Dive Brief:
- Ra Pharmaceuticals' lead candidate looks to be off to a good start in a mid-stage study evaluating it as a treatment for patients with a rare cell disorder, according to early results disclosed Tuesday.
- The drug, RA101495, aims to inhibit a segment of the immune system that helps eliminate invading microbes and damaged cells. Patients with an uncommon condition known as paroxysmal nocturnal hemoglobinuria (PNH) develop defective red blood cells, which that immune segment can easily destroy. In severe cases, PNH leads to blood clots and kidney disease.

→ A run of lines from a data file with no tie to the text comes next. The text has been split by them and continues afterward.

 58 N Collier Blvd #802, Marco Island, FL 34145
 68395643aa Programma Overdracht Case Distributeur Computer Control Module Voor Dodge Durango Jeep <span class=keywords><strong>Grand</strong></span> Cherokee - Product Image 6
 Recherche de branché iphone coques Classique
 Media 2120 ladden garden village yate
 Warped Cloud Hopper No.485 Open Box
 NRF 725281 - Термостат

- So far, three PNH are enrolled in the Phase 2, open-label, uncontrolled study of Ra's medicine, two of which have made it past sevenweeks of follow up. The drug has demonstrated no safety concerns, while participants are showing significantly lower levels of lactate dehydrogenase (LDH), an enzyme found more readily in the blood when blood cells break apart.
Dive Insight:
Alexion's Soliris (eculizumab) became the first Food and Drug Administration approved treatment for PNH back in 2007. Since then, the drug gained notoriety both for its high price tag and ability to rake in cash. Soliris' net sales reached $2.84 billion last year.
While some of that revenue came from the its other indication in atypical hemolytic uremic syndrome, the drug still accounted for more than 92% of Alexion's annual product sales
Other drugmakers have taken notice of those strong returns. Alnylam has its own PNH-focused treatment, ALN-CC5, in Phase 1/2 development, and reported positive results back in December. Interestingly, Sanofi decided around that time to not to exercise an option to claim rights to the drug. Akari also has an investigational medication, coversin, though it has been marred by recent controversy.

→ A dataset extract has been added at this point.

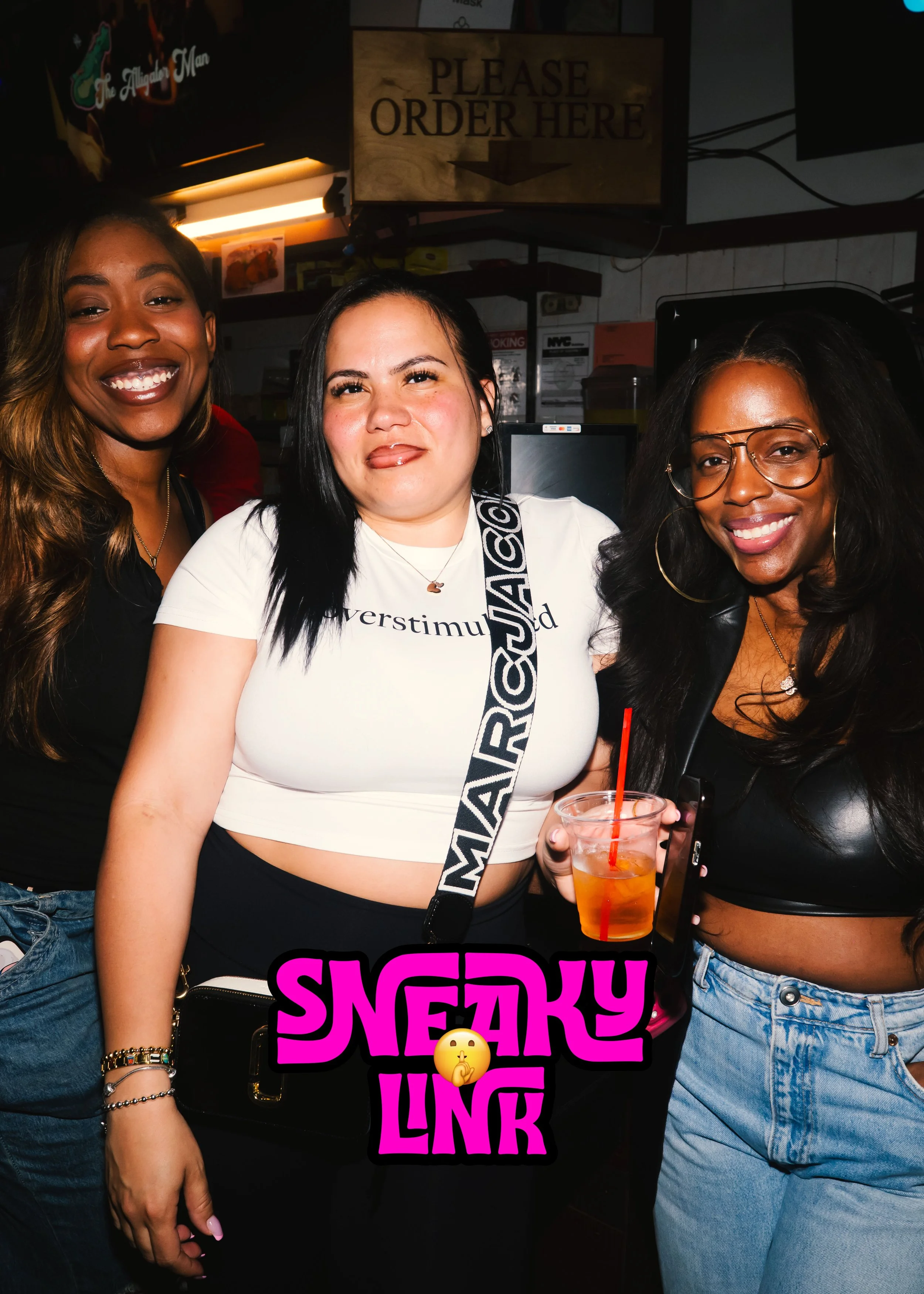 Iykyk-0563.jpg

As for Ra, while the early results bode well for its drug, investors aren't exactly sold. The company's stock fell nearly 7% on Tuesday, closing at $17.69 apiece.
Investment bank Jefferies proposed that the stock drop was due to variability between the results from the two patients. One had baseline LDH levels of 3.7 times the upper normal limit and demonstrated 1.85 times by seven weeks, while the other had 3.2 times at baseline and 1.3 times at the follow up.

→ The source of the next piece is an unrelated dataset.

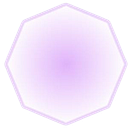 Rima AI (formerly Garage)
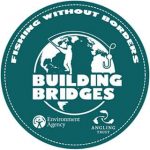 building-Bridges-logo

"We are encouraged by clean safety/tolerability & clear [proof of concept] effect for lead RA101495," Jefferies said in a June 27 note. "Caution is two patients data tends to magnify variability, but its effect on LDH levels seem comparable to Soliris early [weeks] of dosing."
Another potential source of concern was that one patient developed breakthrough hemolysis at week six, though Ra reported it was quickly resolved and "most likely due to a viral infection."
Ra's Phase 2 study is set up to enroll 28 total patients across three cohorts. The first, Cohort A, is for patients who haven't received treatment with Soliris, and includes the three participants already enrolled. A review of the topline data from Cohort A will allow the company to move forward with Cohort B, which will assess patients switching from Soliris to RA101495.
The third piece of the trial stands to evaluate Ra's drug for patients on Alexion's, but who are not responding to it.
"Currently, the only approved treatment for PNH is a monoclonal antibody which must be administered intravenously every two weeks by healthcare professionals," Principal Investigator Anita Hill said in a June 27 statement from Ra. "As a once daily, self-administered, subcutaneous therapy, RA101495 has the potential to offer a convenient option for patients with PNH."